Tse-Ho Sung (Lung Ti) und sein Bruder Tse-Kit Sung (Leslie Cheung) hatten in "A Better Tomorrow" einige Streitigkeiten, kamen am Ende aber doch mehr oder weniger wieder zusammen. Nun versuchen beide durch verdecktes Ermitteln dem sympathischen Si Lung (Dean Shek) kriminelle Aktivitäten nachzuweisen. Dabei stoßen sie aber auf den wahren Übeltäter namens Ko Ying Pui (San Kwan). Dieser hängt Lung einen Mord an, weshalb Lung nach New York übersiedeln muss. Dort hilft ihm Ken (Chow Yun-Fat), Zwillingsbruder des im ersten Teil verstorbenen Mark, wieder auf die Beine. Jedoch ist man auch in den Vereinigten Staaten nicht sicher, alles läuft auf einen finalen Showdown in Kos Anwesen hinaus.
Mit den unzähligen Charakteren kommt die Geschichte recht komplex daher, gerade weil diese sich stets viel zu sagen haben und immer mal etwas Tragisches geschieht. In New York ist Kens Restaurant von der Mafia bedroht und Attentäter verüben Anschläge auf Lung, welcher vorübergehend den Verstand verloren hat (immerhin sterben in seinem Umfeld für ihn immens wichtige Menschen).Während Ken sich also rührend um den armen Lung kümmert, gibt es trotzdem immer mal etwas Action. Die Tragik um Lungs Situation dominiert aber weiterhin.
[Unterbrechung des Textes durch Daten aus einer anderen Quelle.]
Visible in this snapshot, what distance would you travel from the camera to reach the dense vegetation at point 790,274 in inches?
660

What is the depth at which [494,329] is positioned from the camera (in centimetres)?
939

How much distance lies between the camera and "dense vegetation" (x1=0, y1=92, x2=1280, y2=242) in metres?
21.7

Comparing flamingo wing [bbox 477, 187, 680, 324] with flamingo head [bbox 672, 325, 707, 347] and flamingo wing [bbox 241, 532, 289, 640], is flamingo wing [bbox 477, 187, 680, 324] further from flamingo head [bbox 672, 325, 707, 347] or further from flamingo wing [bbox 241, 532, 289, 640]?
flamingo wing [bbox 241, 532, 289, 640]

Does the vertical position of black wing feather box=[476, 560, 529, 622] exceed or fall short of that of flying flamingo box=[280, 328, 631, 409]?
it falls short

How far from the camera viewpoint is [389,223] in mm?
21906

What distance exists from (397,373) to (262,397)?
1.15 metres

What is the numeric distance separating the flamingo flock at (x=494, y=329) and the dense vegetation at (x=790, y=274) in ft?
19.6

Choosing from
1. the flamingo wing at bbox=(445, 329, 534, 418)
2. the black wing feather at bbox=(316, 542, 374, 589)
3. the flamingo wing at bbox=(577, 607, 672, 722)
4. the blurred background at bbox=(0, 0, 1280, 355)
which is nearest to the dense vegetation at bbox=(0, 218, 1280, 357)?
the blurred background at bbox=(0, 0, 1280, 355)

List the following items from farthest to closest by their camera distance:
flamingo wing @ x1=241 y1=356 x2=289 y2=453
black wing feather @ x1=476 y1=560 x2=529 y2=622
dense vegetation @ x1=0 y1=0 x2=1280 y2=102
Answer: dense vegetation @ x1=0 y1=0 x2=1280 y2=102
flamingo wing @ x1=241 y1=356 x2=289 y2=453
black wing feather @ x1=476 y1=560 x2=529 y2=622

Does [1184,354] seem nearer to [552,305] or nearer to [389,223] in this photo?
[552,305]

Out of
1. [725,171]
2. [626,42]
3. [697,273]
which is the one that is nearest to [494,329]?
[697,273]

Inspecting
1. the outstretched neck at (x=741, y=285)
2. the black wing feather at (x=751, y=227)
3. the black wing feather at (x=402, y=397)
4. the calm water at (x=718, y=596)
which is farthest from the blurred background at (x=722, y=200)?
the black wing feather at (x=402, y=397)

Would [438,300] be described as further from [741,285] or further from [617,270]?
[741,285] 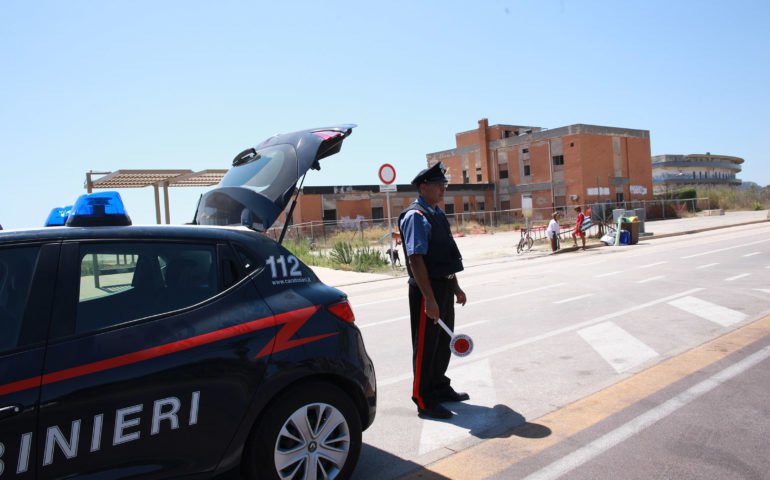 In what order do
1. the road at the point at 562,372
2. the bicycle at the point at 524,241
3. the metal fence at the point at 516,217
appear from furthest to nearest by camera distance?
the metal fence at the point at 516,217
the bicycle at the point at 524,241
the road at the point at 562,372

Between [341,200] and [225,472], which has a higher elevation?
[341,200]

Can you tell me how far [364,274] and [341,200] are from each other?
29.9 meters

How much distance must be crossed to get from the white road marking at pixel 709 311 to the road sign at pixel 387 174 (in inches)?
327

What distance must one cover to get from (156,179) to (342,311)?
408 inches

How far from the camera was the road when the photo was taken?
12.0 feet

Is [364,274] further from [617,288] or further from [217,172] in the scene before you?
[617,288]

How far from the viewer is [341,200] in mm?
45781

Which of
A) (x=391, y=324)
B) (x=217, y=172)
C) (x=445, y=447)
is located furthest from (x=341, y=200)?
(x=445, y=447)

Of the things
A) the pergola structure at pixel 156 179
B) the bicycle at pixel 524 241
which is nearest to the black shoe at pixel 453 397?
the pergola structure at pixel 156 179

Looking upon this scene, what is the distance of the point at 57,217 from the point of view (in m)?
3.10

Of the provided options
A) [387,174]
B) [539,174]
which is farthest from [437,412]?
[539,174]

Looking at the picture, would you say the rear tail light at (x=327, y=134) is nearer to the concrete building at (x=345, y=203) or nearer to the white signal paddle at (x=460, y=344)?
the white signal paddle at (x=460, y=344)

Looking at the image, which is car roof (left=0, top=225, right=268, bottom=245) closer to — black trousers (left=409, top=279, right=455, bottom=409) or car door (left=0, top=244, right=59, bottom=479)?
car door (left=0, top=244, right=59, bottom=479)

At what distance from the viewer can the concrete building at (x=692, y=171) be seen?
95.9m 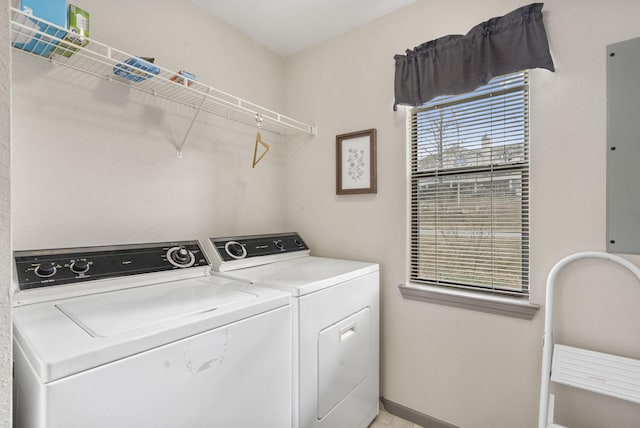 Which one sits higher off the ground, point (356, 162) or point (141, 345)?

In der Zwischenzeit beißen sich in Hong Kong die Sung-Brüder ihre Zähne an dem Übeltäter Ko aus. Wie schon im ersten Teil muss Kits Frau, die sogar Nachwuchs bekommt, um jeden Fetzen Aufmerksamkeit ihres Mannes kämpfen. Zu sehr konzentriert er sich auf seine Arbeit. Die Verteilung der beiden Handlungen ist von großen Vorteil für den Film, denn auch wenn sich nicht immer alles stringent weiterentwickelt, kommt doch nie Langeweile auf. Viel eher wirkt die erste Hälfte des Films dezent oberflächlich, da John Woo für seine angepeilte Filmlänge recht viel wegschneiden musste. Das ist aber kein schwerwiegendes Manko.
Wie man es von einem Heroic Bloodshed-Filmchen erwarten sollte, gibt es ordentlich Action. Natürlich kann diese anfangs ob der dominanten Tragikpassagen und sonstigen Storyentwicklung nur punktuell eingesetzt werden, dann jedoch knallt es meistens richtig. Und das Gemetzel am Ende ist sowieso einzigartig und zeitlos. Selten sieht man eine derart langanhaltende und so schön choreographierte Ballerei. Drei Männer strotzen jeglicher Gegenwehr und sorgen für einen vorbildhaften Bodycount. Und dann gibt es noch solch schöne Momente, wie das Aufeinandertreffen Kens und des stets schweigenden Sonnenbrillenträgers.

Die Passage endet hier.